# Greasy, Oily Hair!



## kyuubified (Jan 10, 2009)

Sorry if there is a thread on this already... I didn't see one so I made one






So I have a problem with incredibly oily hair.

I wash it, and within days it becomes oily once again!

And it's not a problem with too much product or conditioner either, for out of curiosity's sake, I did an experiment of sorts. I didn't use any conditioner or hair product and I blow dried my hair (FYI, when I actually do use conditioner and products, I only apply to the tips of my hair, not the roots). The first day was fine, but by the second day it was oily again!
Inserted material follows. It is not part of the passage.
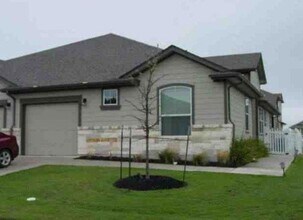 Building Photo - 1701 Logan Dr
Also, the weather wasn't that hot, it's only been in the 70-80 degree range.

I know there are hair powders or dry shampoo out there, however they are rather expensive, and are probably meant for occasional use; I would most likely use them quite often.
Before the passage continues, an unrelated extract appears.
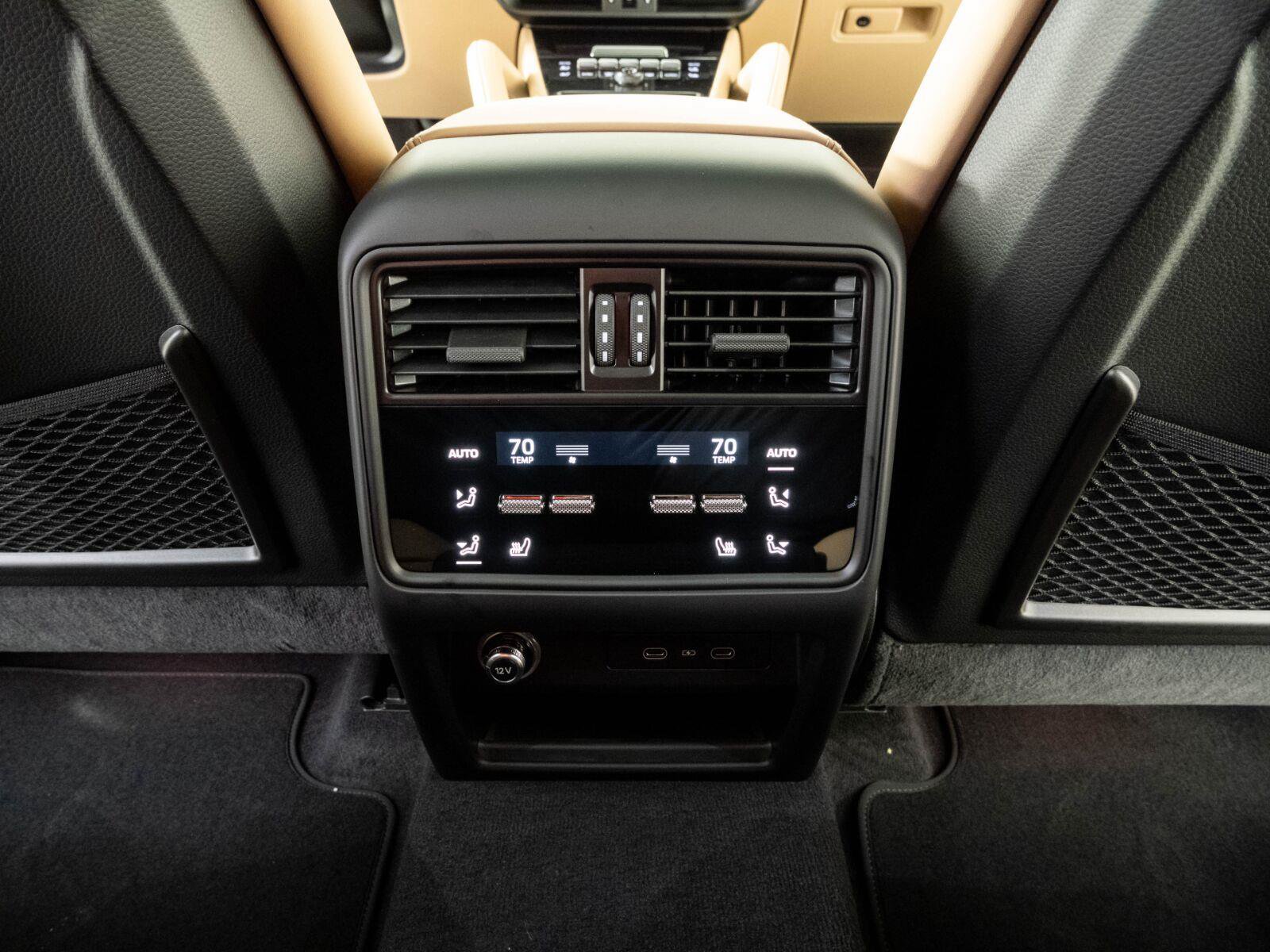 Certified 2026 Porsche Cayenne GTS AWD/4WD image 21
In the mean time I have been putting body powders and baby powders in my roots; probably not the healthiest thing, but it's the only thing that keeps me from looking greasy and dirty.
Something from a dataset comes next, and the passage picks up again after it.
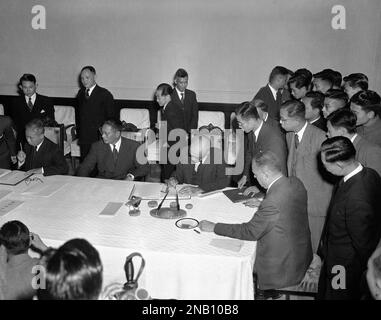 The Signing of the Treaty of Nanking Stock Photo Alamy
Anyways, besides dry shampoo and hair powders, is there a way to cut down on the grease and oil?

Any relatively inexpensive (or at least, will last me a long while) hair powders?

Any tips or tricks about this would be insanely helpful!


----------



## Dragonfly (Jan 11, 2009)

I have been on Accutane twice - once for acne and the second time for very oily skin.

When I started the Accutane, I had to wash my hair daily as my scalp was always oily.

When I finished the Accutane, I could easily go 4-5 days before my scalp became oily again.

Accutane is a radical treatment but it is quite effective.

I think that your sebaceous gland is a bit over active so you have a lot of sebum/oil on your scalp.

The only advise I can give is:

Wash your scalp twice - but not the rest of hair - and use a shampoo made for oily hair.

When you rince out the shampoo, it will cleanse the rest of your hair.

Apply conditioner on the ends of hair.

If you use any styling products, avoid getting anything on or close to the scalp.

And don't use hot styling products near scalp.

Hope I have helped


----------



## Roxie (Jan 11, 2009)

I just wash my hair every day - or every second day, but preferrably every day.


----------



## magneticheart (Jan 11, 2009)

Carolyn gave great tips.

I especially agree about not using styling products near the scalp.


----------



## Sasha1 (Jan 15, 2009)

If your hair is greasy and oily, use an anti-residue or clarifying shampoo once a week to remove the oily build-up.


----------



## Orangeeyecrayon (Jan 15, 2009)

you said it takes a few days to get oily. that is a pretty typical time frame for hair to get oily with out using soap (unless you train your hair to take longer to get oily)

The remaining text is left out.